Wenling, Zhejiang province, Nov 23: In an eastern Chinese town, a lone five-storey house rises abruptly in the middle of a thoroughfare leading to the town's newly-built railway station.
Luo Baogen and his wife are the lone holdouts from a neighbourhood of once-connected homes that was demolished to make way for the main thoroughfare heading to a newly built railway station on the outskirts of the city of Wenling in Zhejiang province.
Dramatic images of Luo's home have circulated widely online in China this week, becoming the latest symbol of resistance in the frequent, countrywide standoffs between homeowners and local officials accused of offering too little compensation to vacate neighbourhoods for major redevelopment projects.
On Wenling's planning map is a brand-new railway district, which will be anchored by the train station and filled with businesses, hotels, shopping malls and factories by 2020.
Xiayangzhang village chief Chen Xuecai said in a telephone interview on Friday that city planners decided that his outlying village of 1,600 had to be moved for a new business district anchored by the train station, and that most of the families agreed to government-offered compensation back in 2007.
Not Luo Baogen, a 67 year-old duck farmer.
“I just want them to build another house for me. They can build a house of the same size somewhere else and get it decorated as my house. This is all that I want.,” Luo told local reporters on Thursday in video footage forwarded to The Associated Press.
Luo had only just completed his five-story house at a cost of about 600,000 yuan (95,000 US dollars) when the government approached him with their standard offer of 220,000 (35,000 US dollars) to move out - which he refused, Chen said.
The new road to the railroad station was completed in recent weeks, and has not yet been opened for traffic.
What has been unusual in Luo's case is that his house has been allowed to stand for so long.

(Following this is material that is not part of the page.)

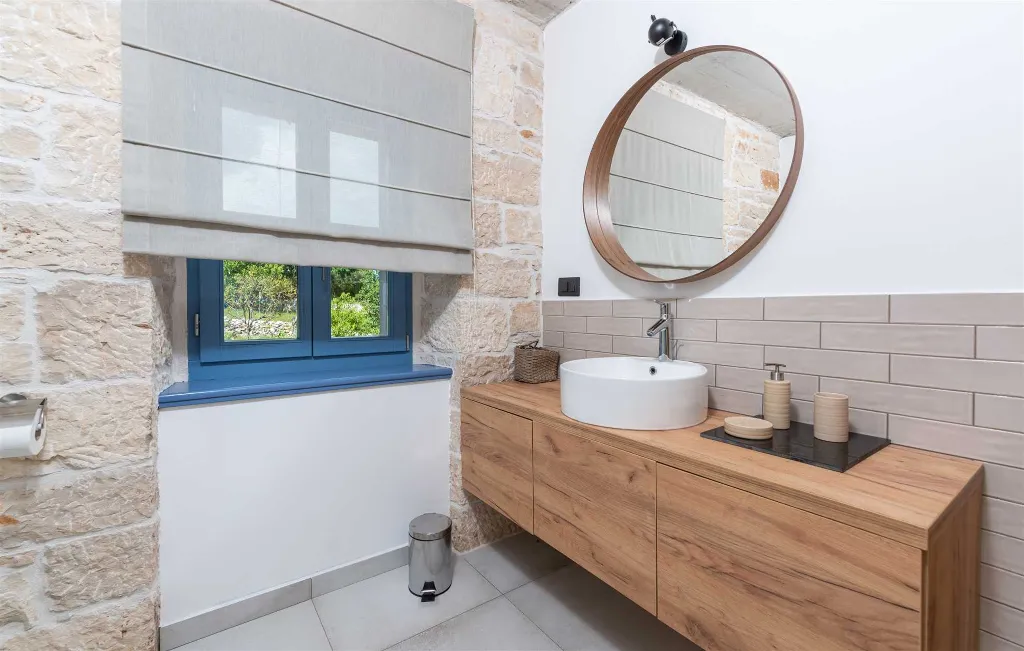 Renovated Stone Villa with Private Pool, Brečevići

It is common for local authorities in China to take extreme measures, such as cutting off utilities or moving in to demolish when residents are out for the day.
The homes that resist are called “nail houses” - those who defiantly remain standing, refusing to be hammered down. Nail house families occasionally have resorted to violence, or set themselves on fire in protests.
Often, they keep 24-hour vigils because developers will shy away from bulldozing homes when people are inside.
Luo told local reporters his electricity and water are still flowing, and that he and his wife sleep in separate parts of the home to deter any partial demolition.
Luo told the reporters that the government-offered compensation- which has gone up to 260,000 yuan - is not enough. He also said he still has water and electricity.
Deputy village chief Luo Xuehua - a cousin to the duck farmer - said he didn't expect the dispute to go on much longer. He said he expects Luo Baogen to reach an agreement with the government soon, though he said the homeowner's demands are unrealistic.